Der Zürcher Regierungsrat begrüsst die Pläne des Bundes, Finanzprodukte wie etwa Optionen stärker zu überwachen. Der Bundesrat schlägt eine Regulierung vor, die sich an EU-Bestimmungen orientiert.

Die geplante Regulierung von Derivaten sei sinnvoll, angemessen und zielführend, schreibt die Regierung in einer am Donnerstag veröffentlichen Vernehmlassungsantwort.
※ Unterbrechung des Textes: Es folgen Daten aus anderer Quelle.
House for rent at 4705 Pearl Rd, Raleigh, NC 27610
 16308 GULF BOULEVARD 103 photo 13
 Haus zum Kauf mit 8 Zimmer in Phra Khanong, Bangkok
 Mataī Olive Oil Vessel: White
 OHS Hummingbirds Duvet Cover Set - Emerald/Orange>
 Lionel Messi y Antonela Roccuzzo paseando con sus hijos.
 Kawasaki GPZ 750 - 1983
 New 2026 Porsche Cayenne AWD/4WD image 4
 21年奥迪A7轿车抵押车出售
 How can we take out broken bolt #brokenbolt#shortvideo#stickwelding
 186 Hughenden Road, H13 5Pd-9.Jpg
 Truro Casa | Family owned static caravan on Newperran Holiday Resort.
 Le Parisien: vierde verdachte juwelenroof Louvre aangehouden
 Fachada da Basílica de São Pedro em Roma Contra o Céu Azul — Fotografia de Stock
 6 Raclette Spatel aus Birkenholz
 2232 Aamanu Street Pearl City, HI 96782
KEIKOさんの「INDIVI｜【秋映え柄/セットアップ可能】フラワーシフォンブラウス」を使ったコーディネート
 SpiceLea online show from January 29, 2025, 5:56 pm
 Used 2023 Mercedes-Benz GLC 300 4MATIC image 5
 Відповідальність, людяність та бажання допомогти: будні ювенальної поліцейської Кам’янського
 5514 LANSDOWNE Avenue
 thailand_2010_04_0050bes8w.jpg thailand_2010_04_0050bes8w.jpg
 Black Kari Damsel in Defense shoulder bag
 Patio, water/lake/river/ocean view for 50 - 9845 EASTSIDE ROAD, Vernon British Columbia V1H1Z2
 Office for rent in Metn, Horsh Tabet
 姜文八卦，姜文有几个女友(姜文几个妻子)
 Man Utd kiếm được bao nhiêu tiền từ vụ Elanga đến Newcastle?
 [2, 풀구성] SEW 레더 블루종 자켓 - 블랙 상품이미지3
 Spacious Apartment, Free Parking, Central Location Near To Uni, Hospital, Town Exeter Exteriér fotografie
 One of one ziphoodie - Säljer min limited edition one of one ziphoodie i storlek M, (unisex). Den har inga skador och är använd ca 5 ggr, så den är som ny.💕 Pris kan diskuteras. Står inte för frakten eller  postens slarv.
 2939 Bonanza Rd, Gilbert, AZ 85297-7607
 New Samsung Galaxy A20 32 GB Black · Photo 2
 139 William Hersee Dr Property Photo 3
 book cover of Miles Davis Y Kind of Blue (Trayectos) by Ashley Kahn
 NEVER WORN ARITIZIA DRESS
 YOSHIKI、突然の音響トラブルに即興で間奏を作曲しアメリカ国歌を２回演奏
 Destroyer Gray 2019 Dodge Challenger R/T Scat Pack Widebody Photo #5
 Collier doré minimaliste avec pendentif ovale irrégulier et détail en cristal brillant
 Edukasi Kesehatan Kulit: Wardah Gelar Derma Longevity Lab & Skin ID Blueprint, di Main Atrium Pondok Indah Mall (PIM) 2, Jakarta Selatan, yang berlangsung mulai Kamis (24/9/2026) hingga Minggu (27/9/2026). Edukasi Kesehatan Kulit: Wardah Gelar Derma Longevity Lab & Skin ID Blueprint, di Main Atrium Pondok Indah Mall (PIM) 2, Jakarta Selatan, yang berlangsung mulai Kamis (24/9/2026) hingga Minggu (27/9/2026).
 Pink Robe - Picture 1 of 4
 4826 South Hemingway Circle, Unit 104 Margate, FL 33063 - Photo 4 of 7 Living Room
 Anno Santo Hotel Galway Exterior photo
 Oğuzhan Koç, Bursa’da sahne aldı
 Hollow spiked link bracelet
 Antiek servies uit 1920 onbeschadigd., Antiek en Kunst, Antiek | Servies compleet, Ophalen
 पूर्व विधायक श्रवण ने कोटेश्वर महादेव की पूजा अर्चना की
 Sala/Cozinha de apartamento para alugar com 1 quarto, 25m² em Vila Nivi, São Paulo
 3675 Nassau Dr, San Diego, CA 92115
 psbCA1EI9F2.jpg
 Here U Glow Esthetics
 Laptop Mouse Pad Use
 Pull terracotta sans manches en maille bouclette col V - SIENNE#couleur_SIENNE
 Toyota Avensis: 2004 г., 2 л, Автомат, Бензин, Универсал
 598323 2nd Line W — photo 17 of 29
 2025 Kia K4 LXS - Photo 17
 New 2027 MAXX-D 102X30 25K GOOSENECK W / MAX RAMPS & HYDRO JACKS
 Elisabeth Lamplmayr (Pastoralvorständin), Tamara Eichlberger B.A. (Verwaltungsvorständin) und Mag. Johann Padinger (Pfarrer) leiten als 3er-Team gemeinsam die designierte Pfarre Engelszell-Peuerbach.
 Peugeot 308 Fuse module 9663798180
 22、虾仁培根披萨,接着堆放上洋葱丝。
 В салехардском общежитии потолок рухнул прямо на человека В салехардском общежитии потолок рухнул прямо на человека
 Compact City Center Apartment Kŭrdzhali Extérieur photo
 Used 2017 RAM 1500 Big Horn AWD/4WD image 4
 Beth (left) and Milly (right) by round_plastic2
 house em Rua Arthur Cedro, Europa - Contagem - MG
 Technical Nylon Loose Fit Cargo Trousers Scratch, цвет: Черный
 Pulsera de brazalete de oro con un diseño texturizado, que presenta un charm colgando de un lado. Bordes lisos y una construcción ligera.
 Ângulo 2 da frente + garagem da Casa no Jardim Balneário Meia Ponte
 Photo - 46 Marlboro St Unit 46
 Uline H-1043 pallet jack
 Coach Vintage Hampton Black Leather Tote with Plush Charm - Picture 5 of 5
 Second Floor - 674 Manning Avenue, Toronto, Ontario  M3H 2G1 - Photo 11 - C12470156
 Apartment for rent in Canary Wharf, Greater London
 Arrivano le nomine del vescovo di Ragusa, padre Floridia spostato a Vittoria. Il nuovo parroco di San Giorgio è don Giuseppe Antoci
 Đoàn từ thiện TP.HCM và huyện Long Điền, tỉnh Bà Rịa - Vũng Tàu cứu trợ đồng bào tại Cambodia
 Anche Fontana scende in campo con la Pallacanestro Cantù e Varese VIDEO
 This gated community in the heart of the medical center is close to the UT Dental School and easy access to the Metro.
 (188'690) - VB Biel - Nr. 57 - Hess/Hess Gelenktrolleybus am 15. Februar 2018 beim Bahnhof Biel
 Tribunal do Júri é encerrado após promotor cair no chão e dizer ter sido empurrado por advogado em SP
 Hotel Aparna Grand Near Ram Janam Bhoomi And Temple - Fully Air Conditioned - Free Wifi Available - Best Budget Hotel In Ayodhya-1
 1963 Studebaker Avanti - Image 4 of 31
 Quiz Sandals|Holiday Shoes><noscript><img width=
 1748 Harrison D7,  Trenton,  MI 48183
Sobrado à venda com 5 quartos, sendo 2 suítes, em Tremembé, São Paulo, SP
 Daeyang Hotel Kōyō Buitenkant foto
Die Anpassungen an internationale Standards seien für eine verbesserte Stabilität des schweizerischen und internationalen Finanzsystems unumgänglich. Auch die Orientierung an der EU befürwortet der Regierungsrat.
Ohne EU-Anbindung "ruinöser Rückgang" der Geschäfte

Ohne gleichwertige Regulierung bestehe die Gefahr, dass der Schweizer Finanzmarkt seine internationale Anbindung verlieren könnte. Dies würde gemäss Regierungsrat zu einem kräftigen, wenn nicht gar ruinösen Rückgang der Geschäftstätigkeiten führen.

Die geplante, strengere Regulierung von Derivaten ist eine Folge der Finanzkrise. Das heutige Schweizer Gesetz genügt den verschärften internationalen Standards nicht mehr.

Neu sollen unter anderem Abrechnungs-, Melde- und Risikominderungspflichten eingeführt werden. Das soll die Transparenz erhöhen und die Anleger besser schützen. Der Bundesrat plant dazu ein neues Finanzmarktaufsichtsgesetz (FinfraG) mit fast 150 Artikeln. (sda)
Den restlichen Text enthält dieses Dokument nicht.